Bonjour Léa Combette, vous êtes spécialisée en sciences cognitives, et préparez une thèse sur les « mindset » ou représentations de l’intelligence. De quoi s’agit-il ?

Nous avons tous des intuitions sur comment fonctionne notre cerveau et notre cognition. Concernant l’intelligence, on oppose généralement deux croyances :

Certaines personnes ont ce que l’on appelle une représentation fixe de l’intelligence. Pour elles, l’intelligence est une caractéristique intrinsèque des personnes. Il y aurait donc des personnes intelligentes et d’autres qui le sont moins.

D’autres personnes, au contraire, ont ce que l’on appelle une représentation malléable de l’intelligence. Pour elles, l’intelligence est quelque chose qui se développe avec les efforts.
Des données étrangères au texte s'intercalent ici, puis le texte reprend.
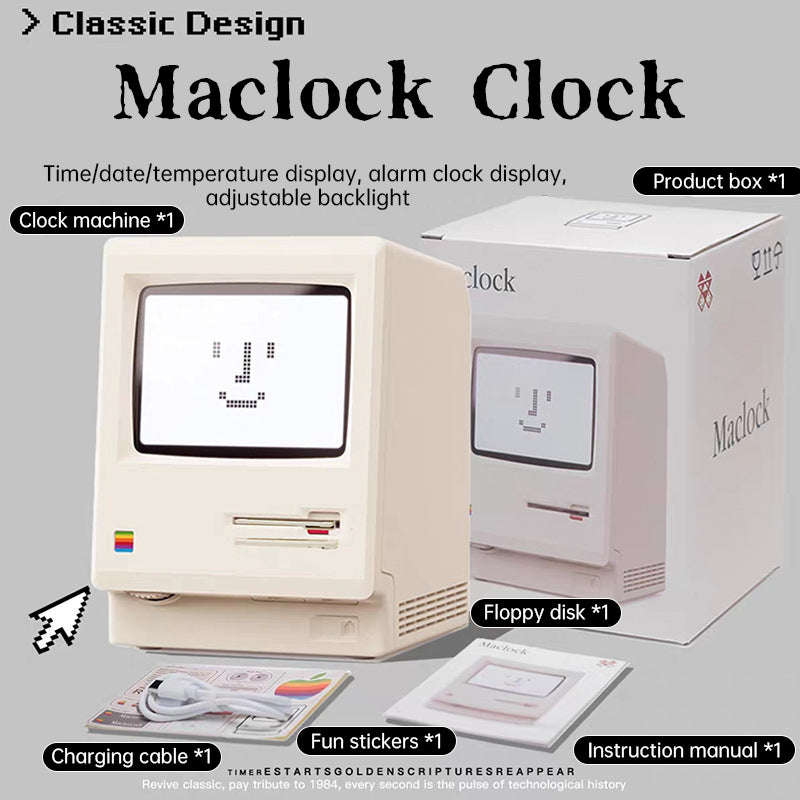 Maclock Retro 60-Hour Standby Alarm Clock, Student Desk Clock with LED Display, Creative Desktop Decor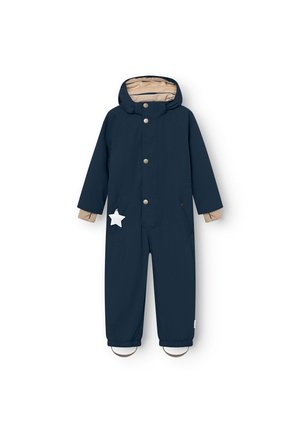 Navy blue children's snowsuit with beige accents, hood, snap buttons, and a white star detail on the front. Elastic cuffs at the ankles.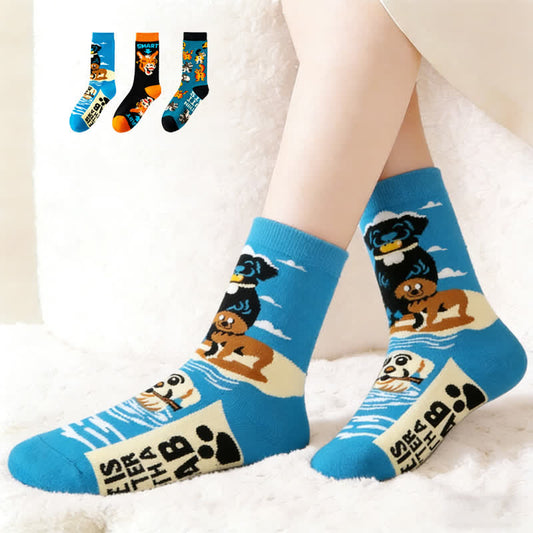 Funny Animal Pattern Quarter Socks(3 Pairs) - Multicolor - EU38-45(US5-11) - image 0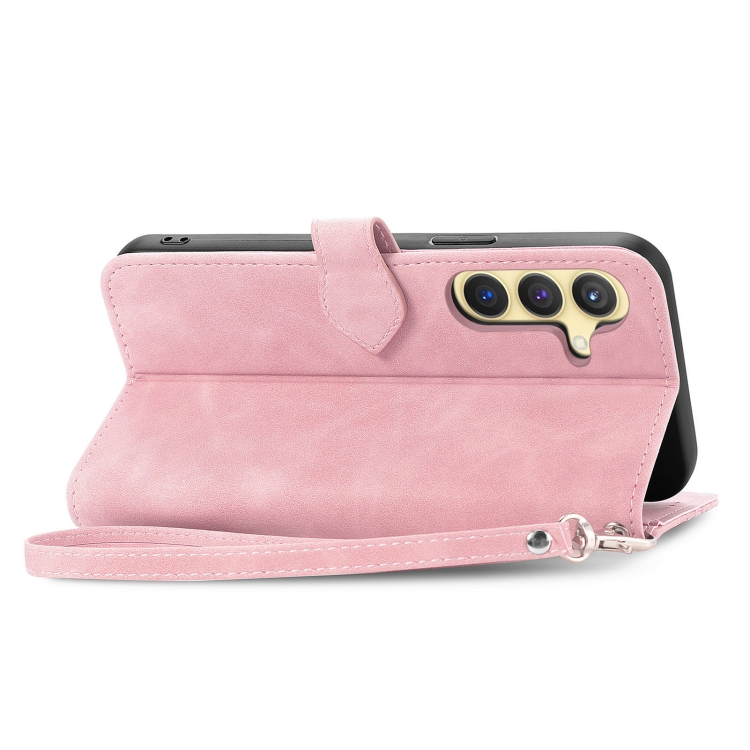 For Samsung Galaxy S25 5G Embossed Flower Zipper Leather Phone Case(Pink) For Samsung Galaxy S25 5G Embossed Flower Zipper Leather Phone Case(Pink)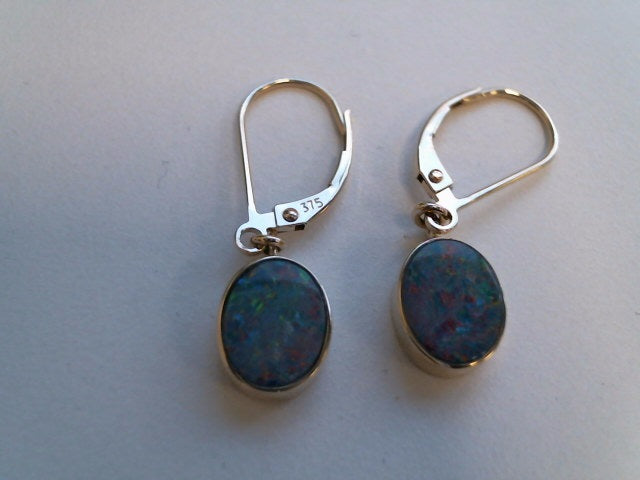 9ct YG Opal Doublet sheppard hook drop earrings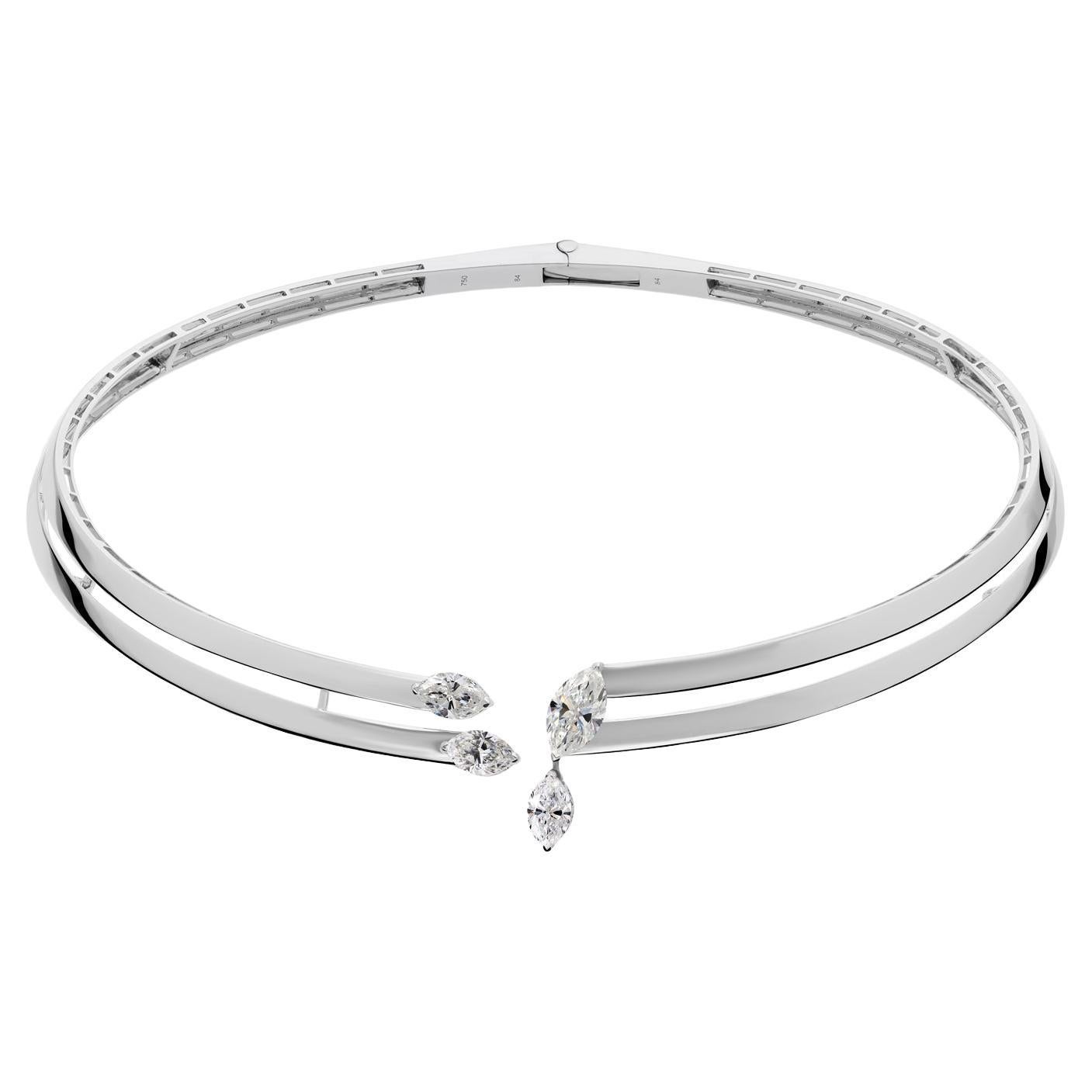 Collier ras du cou Marquise 2.62Ct Certified Diamond Collier Choker 14k White Gold Jewelry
Il ne s’agit donc pas d’une caractéristique fixe mais de quelque chose sur lequel on peut agir.

 

Pourquoi est-ce important pour la réussite scolaire des collégiens ?  

Ces représentations de l’intelligence ont été découvertes dans les années 80 par une chercheuse américaine, Carol Dweck, qui se demandait pourquoi deux élèves de niveau scolaire comparable peuvent réagir de manière totalement opposée à une situation d’échec. Elle s’est alors rendue compte que certains élèves se représentent l’intelligence comme fixe. Ils considèrent donc les erreurs comme un manque d’intelligence de leur part et évitent les situations de défi pour ne pas se retrouver en échec à nouveau. Alors qu’au contraire, d’autres élèves qui ont une représentation malléable de l’intelligence voient plus les erreurs comme un indice de là où ils peuvent s’améliorer. Ils acceptent la difficulté et les erreurs comme faisant partie du processus d’apprentissage.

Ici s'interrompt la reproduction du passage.